Vielen Dank für Eure Antworten! Die Anmerkung, den Verstand zu nutzen und sein System up to date zu halten, ist natürlich nachvollziehbar. Meine Frage bezogen auf die "Ungepatchtheit" des Systems ist absichtlich gestellt gewesen, da es immer einen Zeitraum zwischen Lücke und Patch gibt, in dem man nackt dasteht. SELinux erscheint mir für den interessierten Heimanwender sehr fordernd zu sein. AppArmor finde ich eine super Idee. Ich frage aus den Augen eines Heimanwenders, der sich - soweit ihm zeitlich möglich - vertieft mit Linux beschäftigt. Leider obliegt mir im Alltag nicht die Möglichkeit, mir die Kenntnisse eines langjährigen (z.B. Systemadmins) Profis anzulesen, daher suchte ich die Expertise dieses geschätzten Forums. Ich möchte mich als einen restriktiven Internet-Nutzer bezeichnen, der prinzipiell jeden anzuklickenden Link hinterfragt und somit wahrscheinlich nicht in das klassische Befallsspektrum gehören sollte. Da ich diese Thematik wichtig finde, wollte ich dieses Thema eröffnen, das mich bis jetzt schon sehr bereichert hat.
Mic schrieb: > Leider obliegt mir im > Alltag nicht die Möglichkeit, mir die Kenntnisse eines langjährigen > (z.B. Systemadmins) Profis anzulesen, daher suchte ich die Expertise > dieses geschätzten Forums. Verlangt ja auch keiner, jede Reise beginnt mit einem ersten Schritt. Fang mit den leichten Sachen an. Nimm eine Linux Distribution die Werte auf Security legt, mit Debian oder Ubuntu würde ich anfangen. Gewöhne dir an regelmäßig zu Updaten und Richte eine Firewall ein. Als Erstes eine Firewall, die nur einzelne Incomming Ports durchlässt und alle ausgehende Verbindungen erlaubt. Wenn du dann etwas sicher bist, schreibst du deine Firewall so um, dass sie auch nur noch ausgewählte ausgehende Verbindungen zulässt. Danach suchst du dir das nächste Thema das dich interessiert, vielleicht Appamor oder du fängst an Sachen zu automatisiert, spielt keine Rolle, der Spaß steht im Vordergrund und schon nach kurzer Zeit bist du der Linux/Netzwerk Experte in deinem Umfeld und irgendwie hast du dann auf einmal das nötige Wissen um dein Heimnetz überdurchschnittlich sicher zu gestalten.

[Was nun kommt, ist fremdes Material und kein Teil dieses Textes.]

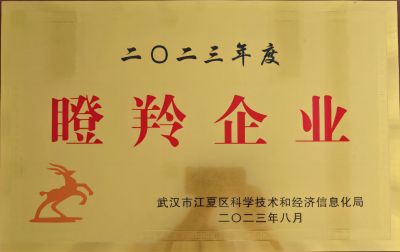 2023瞪羚企業(yè)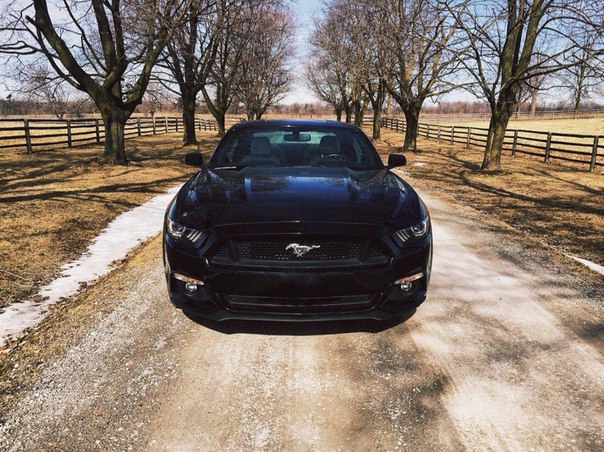 2015 Ford Mustang GT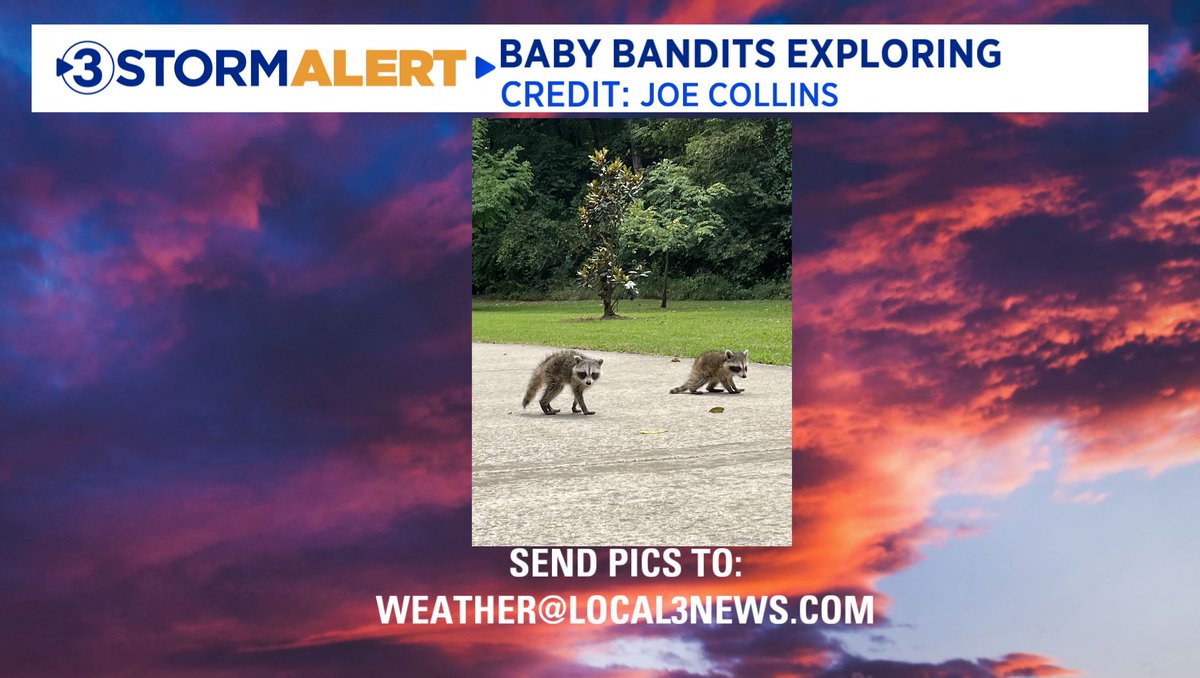 A couple of cool viewer pics that came in today.  Enjoy!! <a href="/DavidKarnes3/">David Karnes</a>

Eine weitere Maßnahme ist meiner Meinung nach Sandboxing mit Firajail. Bei mir "sehen" zum Beispiel Browser und Mailclient nur das "Downloads"-Verzeichnis und können auch keine anderen Programme starten. Wenn ich Dateien als Anhang verschicken will, muss ich sie deswegen erst mal (temporär) in den Downloads-Ordner kopieren, aber Sicherheitsgewinn geht halt in den meisten Fällen nicht ohne Komfortverlust. Jörg
Mic schrieb: > Ich muss ehrlich gestehen, ich ging in der Annahme, dass Angriffe wie > Drive-by etc für Linux nicht gelten. Für Linux gelten alle Angriffsszenarien genauso wie für Windows. Eigentlich hat ein Angreifer sogar noch mehr Möglichkeiten, da unter Linux oftmals umfangreiche Skriptsprachen standardmäßig mitinstalliert sind. Da braucht Schadcode nicht mehr viel zu machen und kann auf die vorhandenen Bibliotheken zurückgreifen, Scripte lassen sich auch schlecht von Scannern erkennen. Allerdings ist general das Sicherheitskonzept/-architektur von Linux ausgereifter. Bei Microsoft hat es lange gedauert bis man begriffen hat, das der Nutzer keine Adminrechte per Default haben sollte. Jetzt muss man das nur noch den Nutzern austreiben. Teilweise sind die Admin Tools von Microsoft immer noch umständlich von reinen Nutzeraccounts aus zu nutzen, so das sich oftmals dann doch mit "Administrator" angemeldet wird.... Oliver schrieb: > Erstes eine Firewall, die nur einzelne Incomming Ports durchlässt und > alle ausgehende Verbindungen erlaubt. Nein. Eine Firewall die auf dem gleichen Rechner läuft ist sinnfrei. Wenn ich als Angreifer erstmal root Rechte habe, dann schalte ich die Firewall einfach aus. Alternativ nutze ich einfach einen der vorhandenen Webbrowser, Anwendungen, etc. um nach draußen zu kommunizieren, Irgendwelche Programme die der Anwender üblicherweise benutzt wird es schon geben. Wenn mein Rechner hingegen offene Ports hat, auf die von außen nicht zugegriffen werden soll, dann sind die dazugehörigen Serverdienste halt entsprechend so zu konfigurieren, dass sie nur auf dem loopback lauschen. Eine Firewall bringt nur was wenn sie als unabhängiges System im Netzwerkpfad hängt. Oliver schrieb: > Weiter kannst du mit apparmor Das ist für den Normalbenutzer wohl sinnvollste Weg. apparmor ist bei Debian in der Standardinstallation immer aktiv. Ansonsten eben wie gesagt Verstand einsetzen und auf GUI Programme zu Administration wenn möglich verzichten. Bei mir darf su/sudo keinen Dialog aufpoppen. Administration geht immer über Kommandozeile, d.h. dass Passwort muss dort eingegeben werden. Die Authentifizierung bleibt dann mit der Konsole verknüpft, d.h. ein Schadprogramm müsste dann schon genau dieses Sitzung innerhalb des Terminalfenster innerhalb eines bestimmten Zeitfensters entern - was weniger trivial ist als man denkt. Es kann nicht einfach im Hintergund su/sudo benutzen und hoffen das der Anwender den Dialog wegklickt.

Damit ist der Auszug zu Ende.